• [Provided records]:
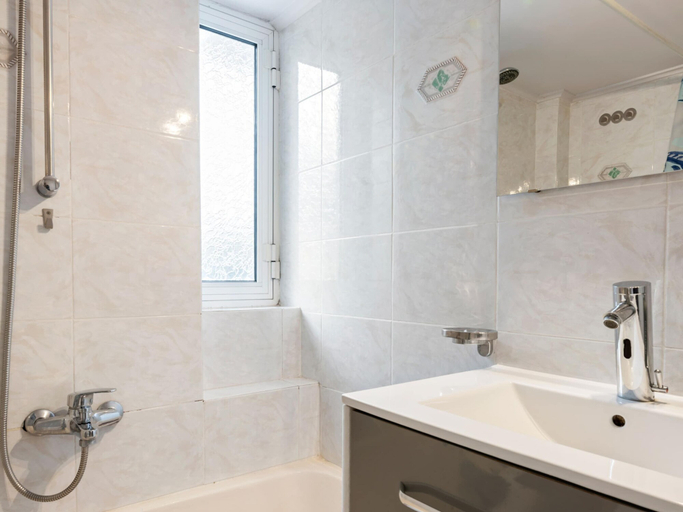 Bathroom 3, Apartment in Piraeus Near Athens Riviera, Attica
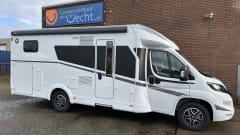 17/18 – Luxurious, comfortable camper with 2-person fixed bed and 2-person lifting bed!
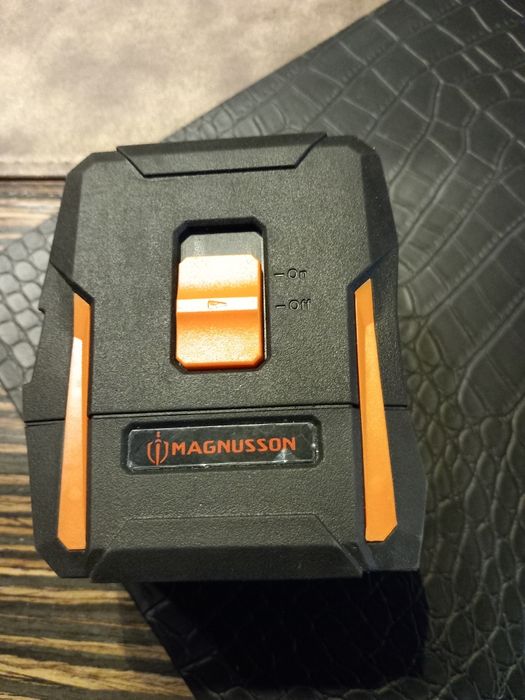 Laser krzyżowy Magnusson samopoziomujący 15 m Im03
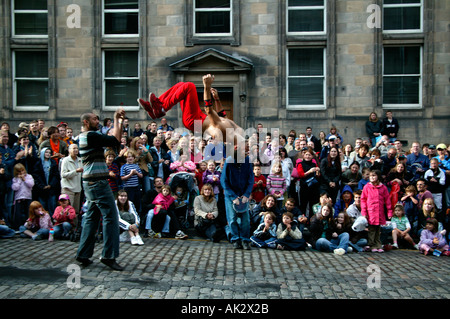 Voce maschile Street Performer intrattenere il pubblico con acrobazie durante Edinburgh Fringe Festival Foto Stock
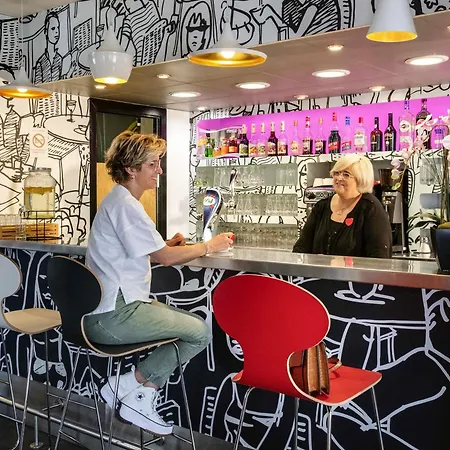 IBIS Cannes Mouans Sartoux parking gratuit-3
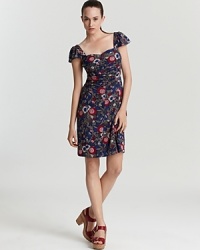 You'll be anything but a wall flower in this tailored MARC BY MARC JACOBS jersey dress, refreshingly feminine with chic details and a blooming print. You'll be anything but a wall flower in this tailored MARC BY MARC JACOBS jersey dress, refreshingly feminine with chic details and a blooming print.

• [What to produce]: The full listing, reproduced exactly and without pictures, is the expected output.

• [Output]:
 Bathroom 3, Apartment in Piraeus Near Athens Riviera, Attica
 17/18 – Luxurious, comfortable camper with 2-person fixed bed and 2-person lifting bed!
 Laser krzyżowy Magnusson samopoziomujący 15 m Im03
 Voce maschile Street Performer intrattenere il pubblico con acrobazie durante Edinburgh Fringe Festival Foto Stock
 IBIS Cannes Mouans Sartoux parking gratuit-3
 You'll be anything but a wall flower in this tailored MARC BY MARC JACOBS jersey dress, refreshingly feminine with chic details and a blooming print. You'll be anything but a wall flower in this tailored MARC BY MARC JACOBS jersey dress, refreshingly feminine with chic details and a blooming print.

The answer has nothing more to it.